EPL panel evaluates mass protest movements for MLK Jr. Day

Maia Spoto/The Daily Northwestern

DePaul University professor Kaveh Ehsani. Ehsani spoke as part of a panel of five professors at Evanston Public Library Monday afternoon.

Maia Spoto, Assistant City Editor

Honoring Martin Luther King Jr.’s legacy of direct action, Evanston Public Library and Northwestern University’s Center for International and Area Studies partnered to host a panel discussion about protest movements throughout the world Monday evening.

Rising tides of activism and authoritarianism are clashing in one of the largest waves of nonviolent mass movements in world history, said moderator and assistant director of International and Area Studies Danny Postel. In the panel and Q&A, professors from Northwestern, University of Illinois at Chicago and DePaul University examined mass movements in Lebanon, Chile, Hong Kong, India and Iran for an audience of about 150 community members.
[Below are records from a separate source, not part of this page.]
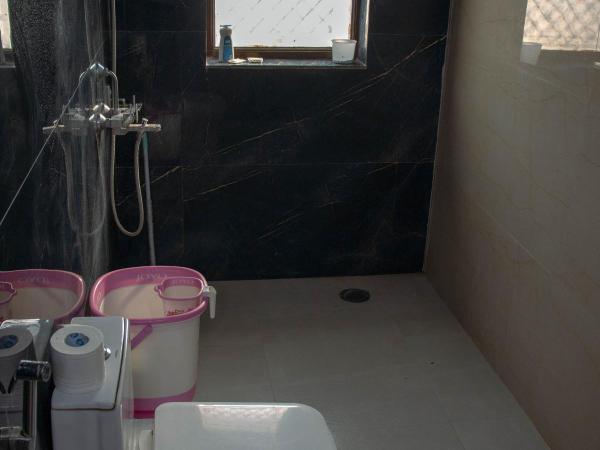 Vibe Villa Hostel : photo 2 de la chambre chambre supérieure lit queen-size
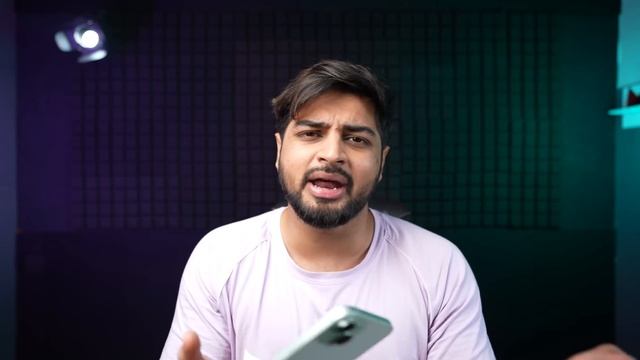 iPhone 14 PRO VS 15 PLUS | What Should You Buy ? Full Comparison Hindi | Mohit Balani смотреть онлайн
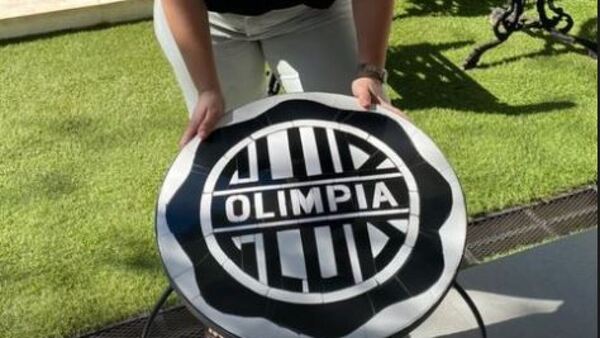 Gastón Olveira presumió el obsequio que le hizo su señora: "Gracias, mi amor"
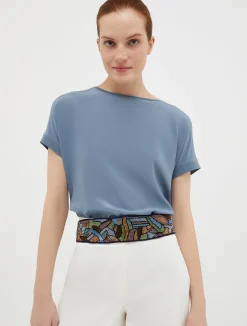 Embroidered with beads belt
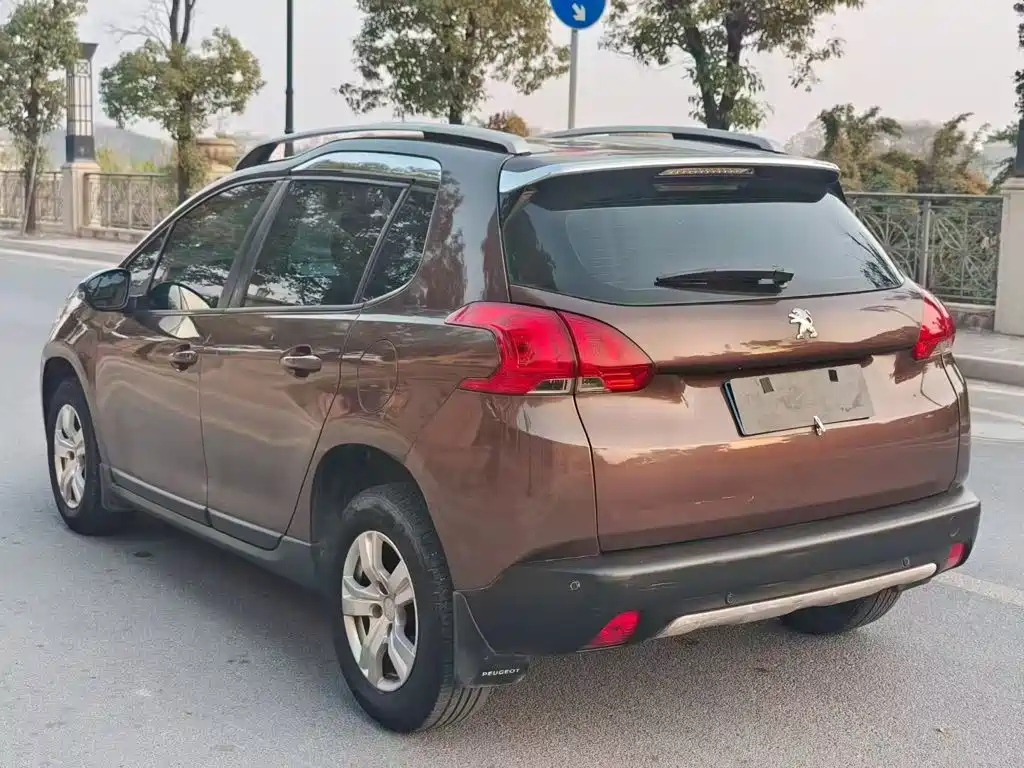 Photo 14 - Peugeot 2008
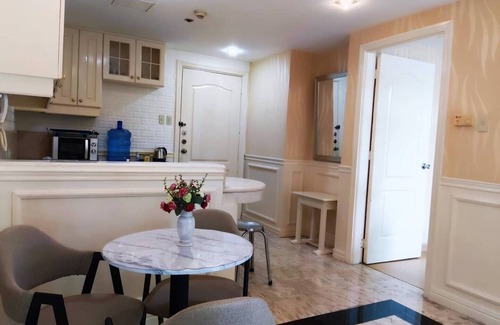 Ermita Night District Condo | Malate, Manila Baywatch Tower, Condo With Bay View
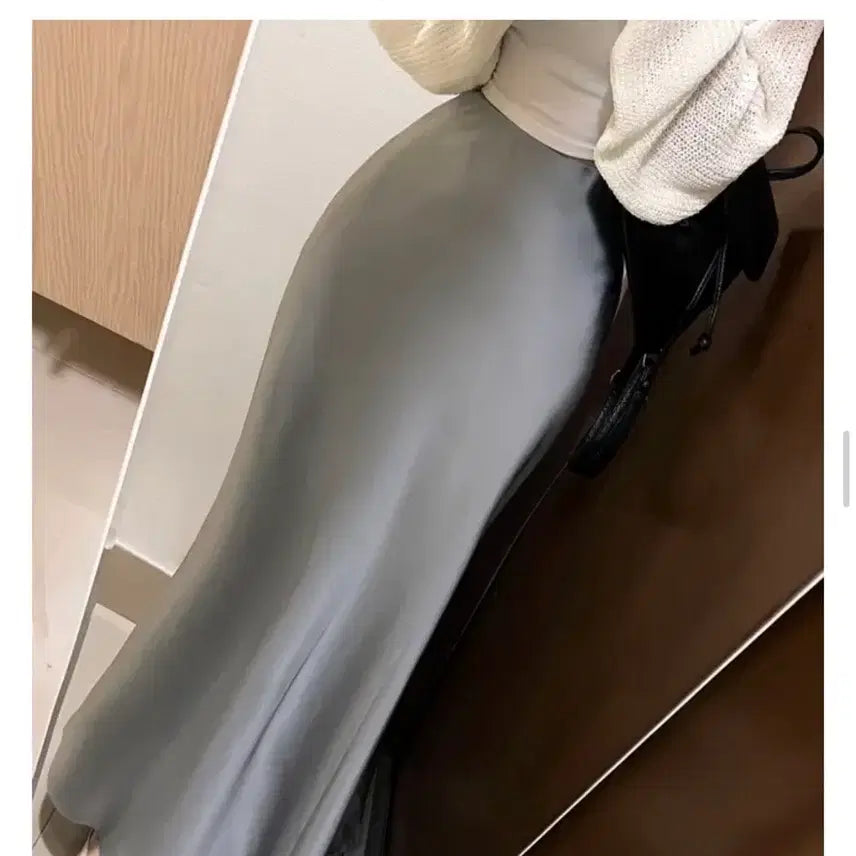 [BUNJANG] Ably Satin Skirt / 에이블리 새틴 스커트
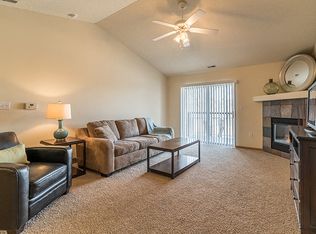 6010 Meridian Dr #25, Lincoln, NE 68504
Librarian Lorena Neal said she hopes the panel will inspire Evanston residents to consider how their actions affect change in their communities. Neal said Martin Luther King Jr. warned against prioritizing order over justice in his “Letter from Birmingham Jail.”

“The Martin Luther King holiday… (has) often provided an occasion for diluting his radicalism in favor of a more sanitized legacy,” Neal said. “In all of the celebrations … to judge others by the content of their character and not the color of their skin, it’s easy to forget that in 1968, shortly before his death, Martin Luther King had a public disapproval rating of 75 percent in the United States.”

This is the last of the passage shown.